J’étais moi-même à la dérive à cette époque-là de ma vie.

J’avais 24 ans, je venais de terminer mes études universitaires et je travaillais comme serveuse dans un petit restaurant à Bondi Beach, à Sydney.

Et comme beaucoup de jeunes à ce moment-là, je me demandais simplement : What’s next?

Je suis restée un an en Australie, et ce pays m’a profondément marquée.

Il y a déjà 9 ans, j’y ai découvert une conscience environnementale qui était vraiment ancrée dans le quotidien : les produits locaux, biologiques, véganes… une façon de consommer avec davantage de respect pour la planète.

Je me suis complètement imprégnée de cette culture. J’ai adoré ce pays.

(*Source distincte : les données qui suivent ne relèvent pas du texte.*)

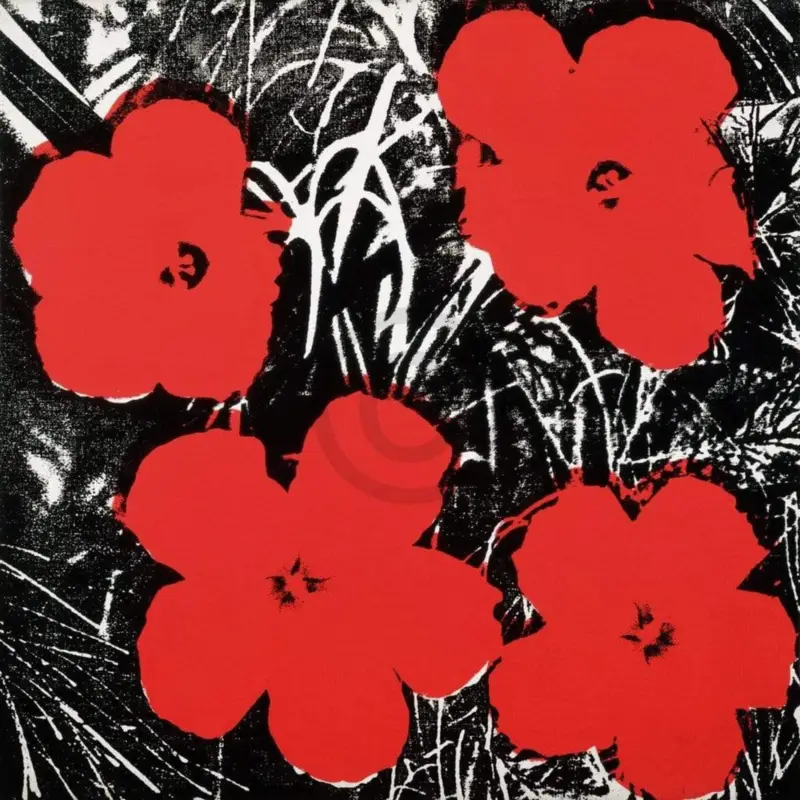 Commander Vite Kunstdruk Andy Warhol - Flowers Red 1964 91x91cm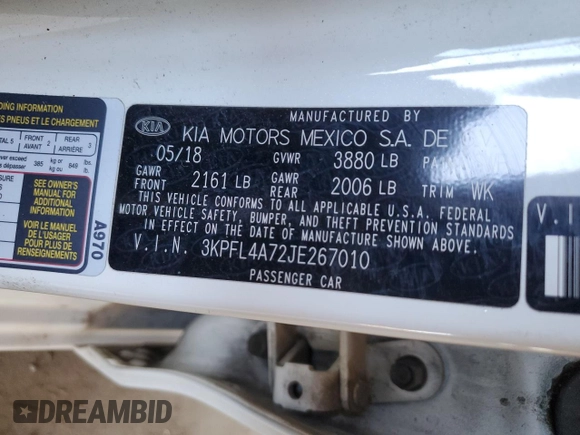 2018 Kia Forte LX with VIN 3KPFL4A72JE267010, listed as a Copart auction lot 78041944 with 122,185 mi miles and Salvage Title. Bid and sale history available at carsss.com. Image 12.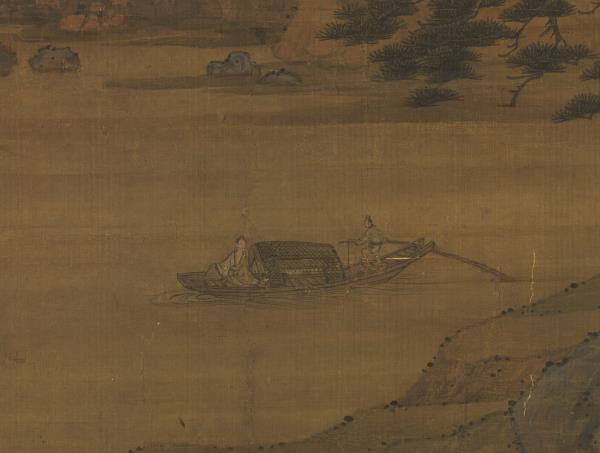 元趙雍江山放艇圖　軸
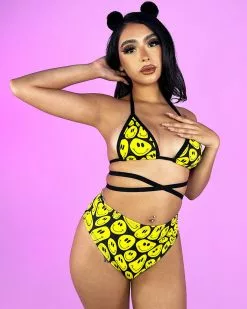 The Lyte Couture Yellow Smiley High Waisted Basic Bottoms -Rave Wonderland Shop 3 6b8934c9 8d6b 486e 8296 af2d7f19c5d4
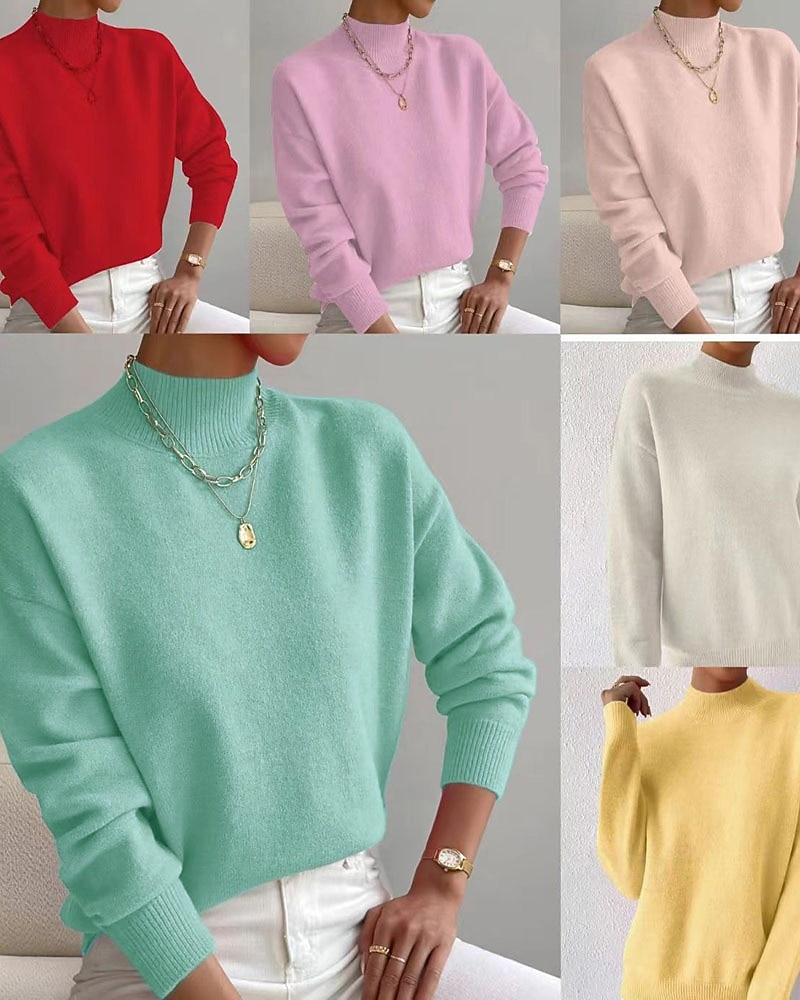 Women's Sweater Pullover Fashion Streetwear Casual Solid Color Mock Neck Knitted Long Sleeve Regular Tops Knit Daily Holiday Going out Yellow Pink Fall Winter 2026 - $33.99 –P1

Et sans le savoir encore, quelque chose venait de germer en moi. 🌿

Puis un jour, je me suis retrouvée 20 mètres sous l’eau, en plongée sous-marine.

Et là, j’ai eu un déclic.

La plus grande barrière de corail au monde était gravement touchée par le réchauffement climatique. Voir cet écosystème de mes propres yeux m’a fait réaliser que les changements climatiques n’étaient pas une réalité lointaine.

Ils étaient juste devant moi. Sous mes pieds.

Je suis donc revenue au Québec avec cette prise de conscience en tête.

J’ai commencé à brainstormer avec une amie : si je lançais un projet, qu’est-ce que j’aurais envie de créer?

Une chose était certaine : je voulais que ce soit local et profondément axé sur l’écoresponsabilité.

Et puis, il y avait la mode.

J’ai toujours eu un intérêt pour les vêtements. Je me surprenais souvent dans les magasins à regarder une pièce et à me dire : « Moi, j’aurais fait ça différemment. »

Et finalement, en y réfléchissant, j’ai réalisé que le textile faisait aussi partie de mon histoire.

Je viens d’une famille qui a opéré dans le domaine du textile.

Alors tout a commencé à faire du sens.

L’Australie m’avait fait découvrir une autre façon de consommer.
Mon déclic sous l’eau m’avait donné une envie d’agir.
Mon intérêt pour la mode me donnait un terrain de jeu.
Et mon histoire familiale me ramenait naturellement vers le textile.

J'ai fait 1+1... et c'est là que Dérive est née.

Dérive ecobrand, c’est donc une marque locale, écoresponsable et engagée, qui veut créer un impact positif, un vêtement à la fois.

Parce qu’au fond, Dérive est née d’une période où moi-même, j’étais à la dérive.

Et aujourd’hui, j’ai transformé cette dérive en direction.

Pourquoi j’ai choisi le nom d’entreprise Dérive ecobrand?

Dérive, c’est d’abord la dérive des déchets qui viennent s’échouer sur les berges. J’ai été témoin lors de mes voyages à travers le monde, notamment au Honduras, des plages non-touristiques qui ne sont pas nettoyées. Les déchets du «mainland» dérivent jusqu’aux îles avoisinantes et on y trouve de tout, des brosses à dents, des souliers, du plastique, etc. C’est assez troublant à constater!

C’est non seulement un spectacle bouleversant, mais impossible à ignorer. 🌍 Ce constat m’a profondément marquée et a inspiré le nom de la marque, pour rappeler que chaque action compte dans la lutte contre la pollution.

Plongeur en combinaison noire effectuant un geste OK sous l’eau près d’un récif, illustrant une activité de plongée sous-marine.

Vivez avec intention, habillez-vous avec conscience.

Chez Dérive ecobrand, nous croyons que les vêtements peuvent être bien plus qu’un simple objet. Ils peuvent raconter une histoire : la vôtre. Ils peuvent refléter vos choix, vos rêves, vos valeurs.

Nos créations, faites avec soin au Québec, sont là pour ces journées où vous voulez vous sentir bien. Pas seulement bien habillée, mais bien dans votre peau et bien avec la planète.

Parce qu’être à la mode, c’est bien. Mais être alignée avec ses valeurs, c’est encore mieux.